The 2008 Global Crisis consisted of a financial crisis in the North Atlantic economies and a trade and expectations crisis in the rest of the world. Five years on, US and European policymakers as still struggling to put in place regulation and supervision regimes aimed at avoiding future crises.
Italy’s central bank governor, Ignazio Visco, has today published a CEPR Policy Insight titled, “The Aftermath of the Crisis: Regulation, Supervision and the Role of central Banks” that considers the issues. The final remarks from his Policy Insight are:
“The crisis has shown that benign neglect should never have been an option. It has called for a major overhaul of the regulatory and supervisory financial framework, especially at an international level. In a globalised financial marketplace, with large and powerful participants, individual action by national authorities would be bound to fail. By the same token, the boundaries of supervision should be widened to encompass all relevant intermediaries, regardless of the specific industry sector they belong to. I have discussed the work underway, highlighted the results achieved and stressed the areas where more effort is needed.

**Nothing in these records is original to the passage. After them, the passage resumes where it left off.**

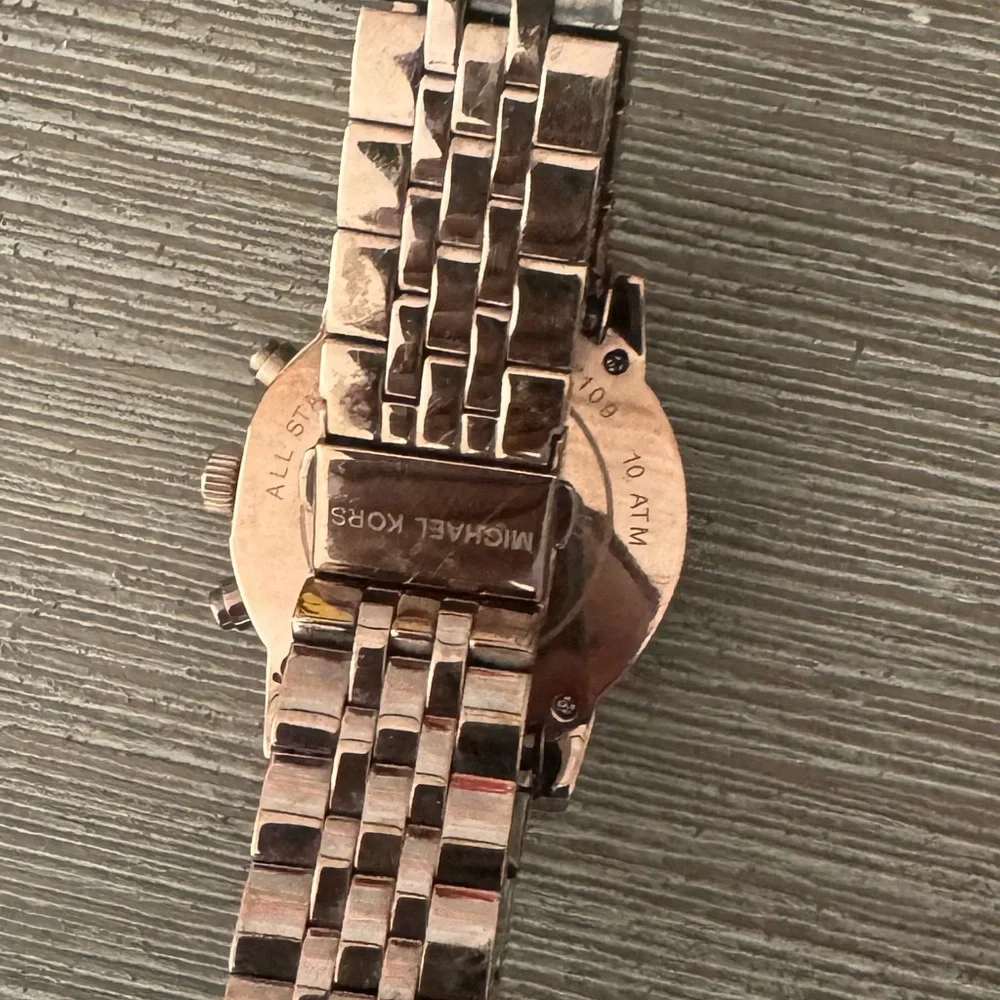 Michael Kors Gold and Brown Chronograph Watch - Picture 2 of 2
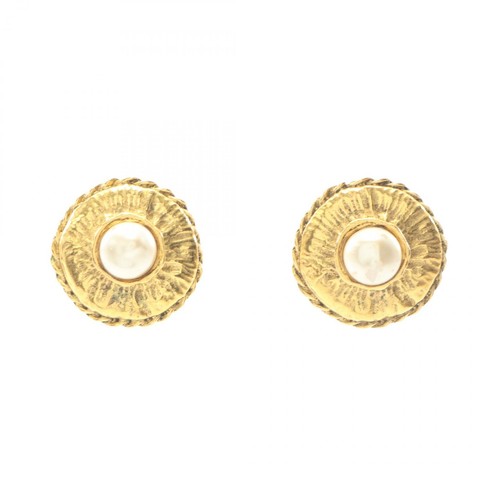 Chanel orecchino rotondo - chanel,
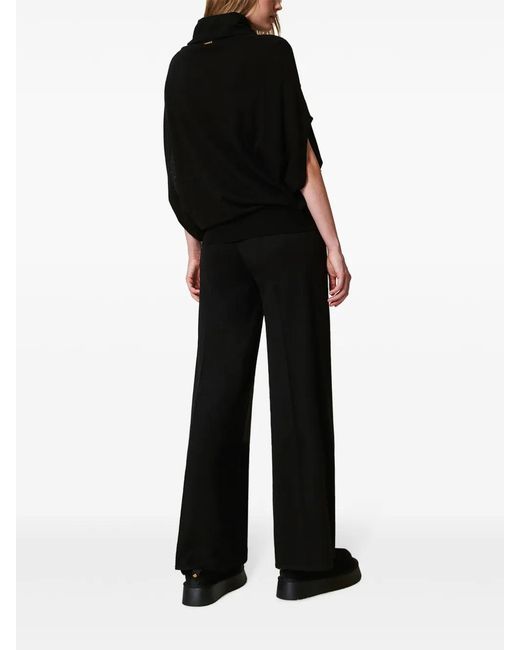 Twinset Black Palazzo Trousers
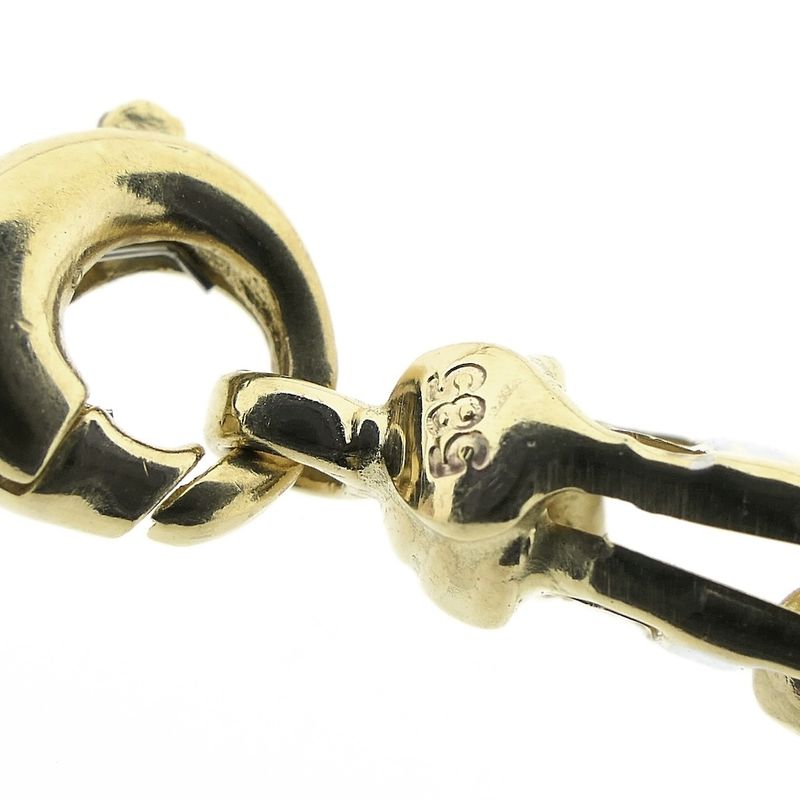 Image 6 of Two-tone gold magnum link chain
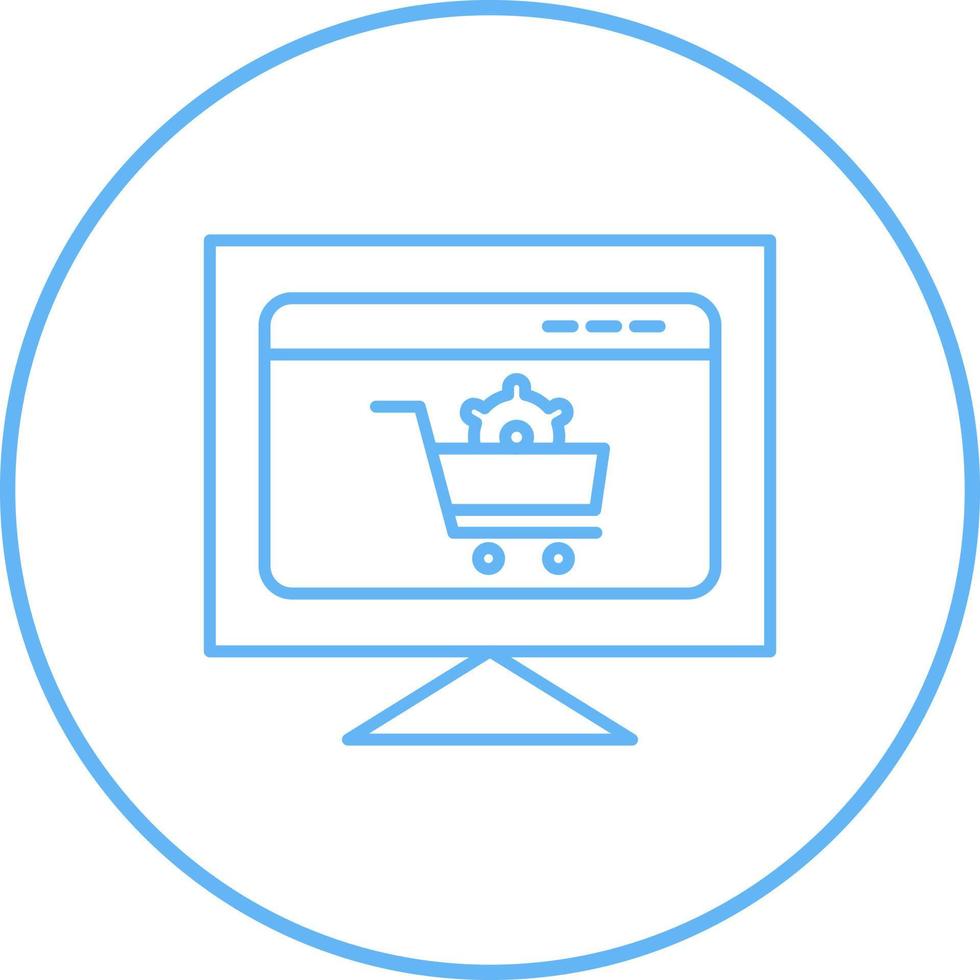 ecommerce instellingen vector icoon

The correct conduct of financial business also requires competence and good faith on the part of intermediaries, both factors being decisive to ensure sound and prudent management and preserve the confidence of savers. This necessity is heightened by the complexity of the external environment, by the presence of large intermediaries, and by the economic and reputational damage that can result from illicit behaviour. No market can function without rules, nor is prudent management possible without correct conduct, embodied not only in scrupulous compliance with the law and the supervisory rules but also in complete adherence to business ethics.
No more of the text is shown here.